▸ **COLLECTED MATERIAL**:
....
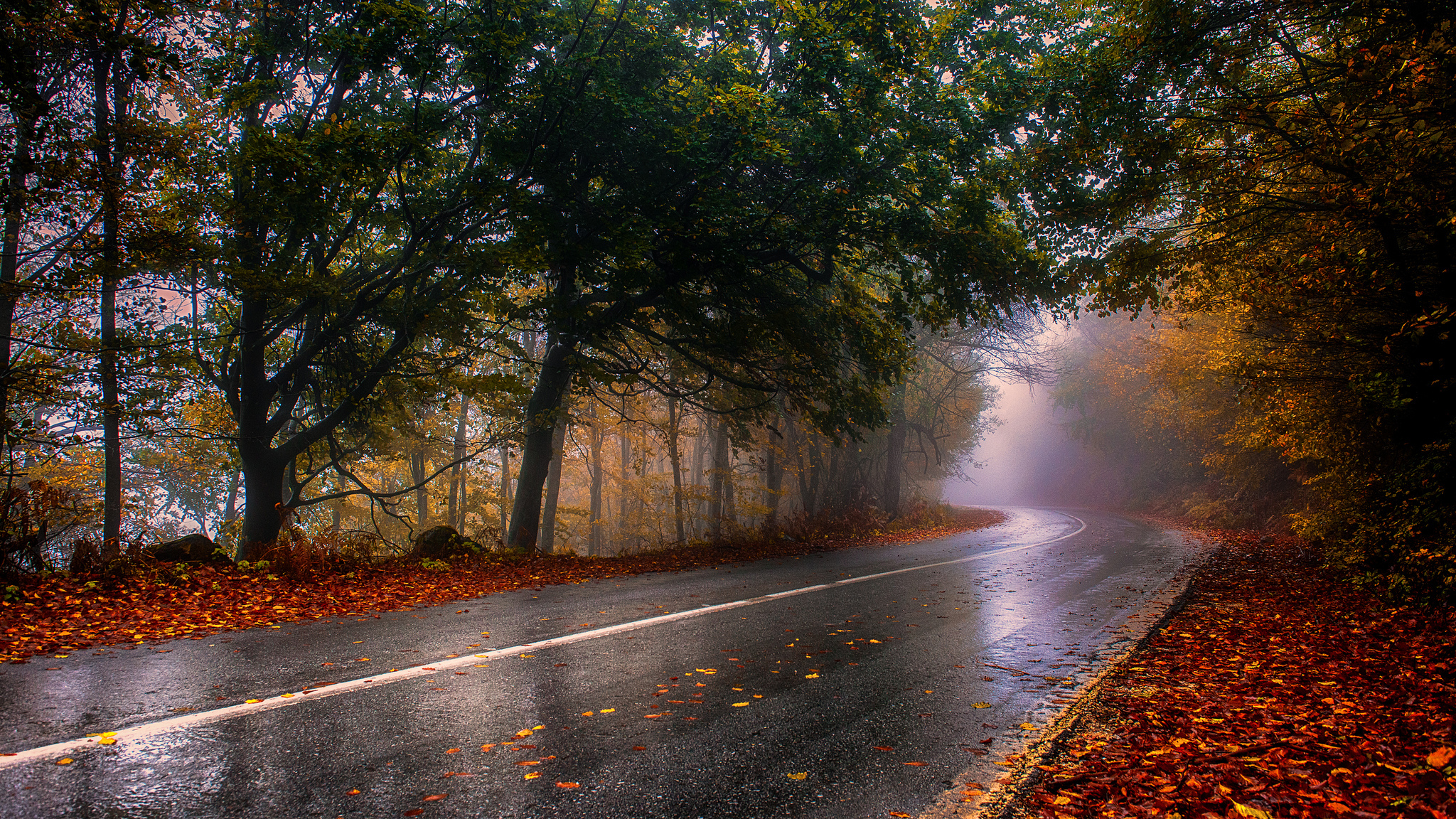 Autumn wet road / 2048 x 1152 / Nature / Photography | MIRIADNA.COM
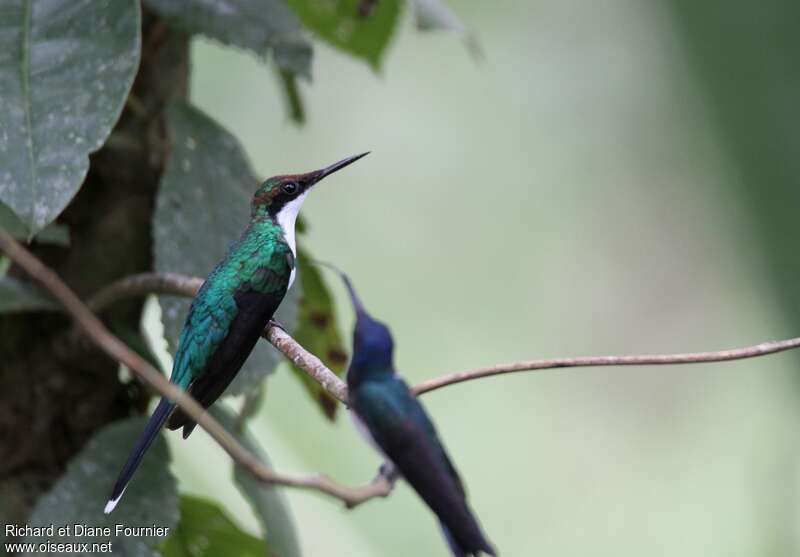 Colibri féérique femelle adulte nuptial, identification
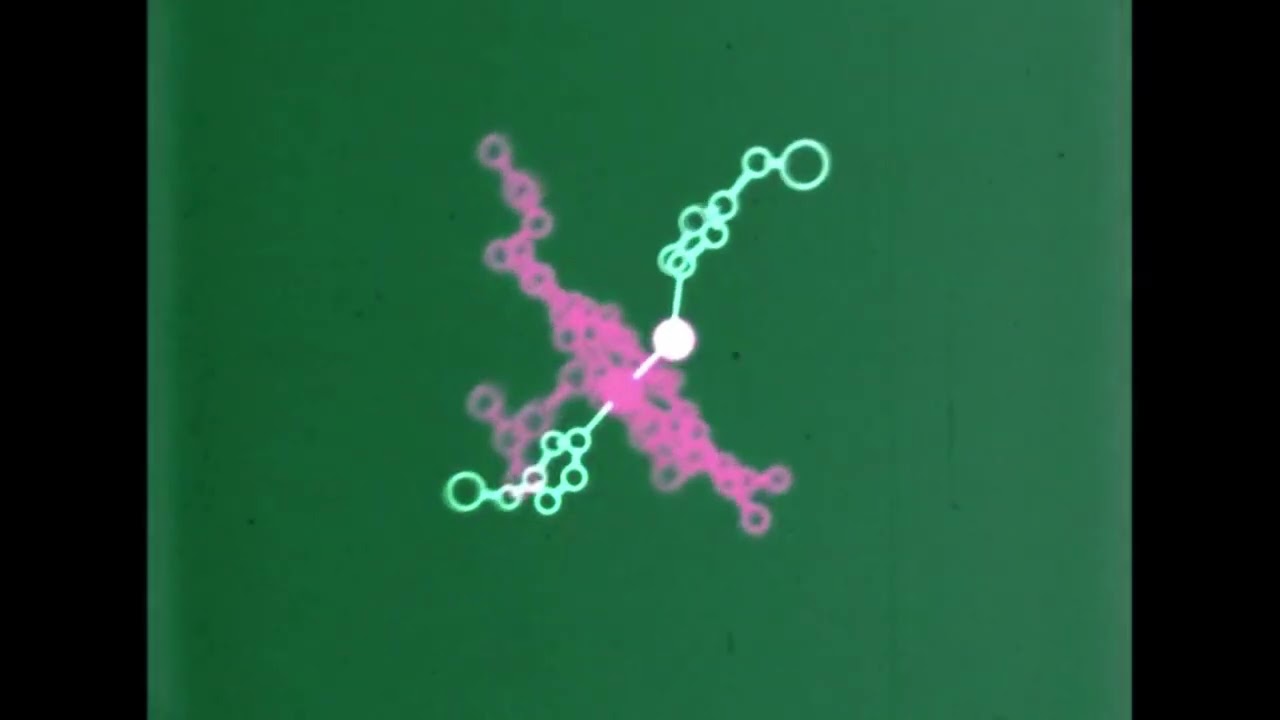 chroma.sys - the shape that breathes (The Senses Bureau - Myoglobin)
....
▸ **TASK STATEMENT**:
Return the material from above in full, exactly as written, with the pictures omitted.

▸ **ANSWER SPACE**:
 Autumn wet road / 2048 x 1152 / Nature / Photography | MIRIADNA.COM
 Colibri féérique femelle adulte nuptial, identification
 chroma.sys - the shape that breathes (The Senses Bureau - Myoglobin)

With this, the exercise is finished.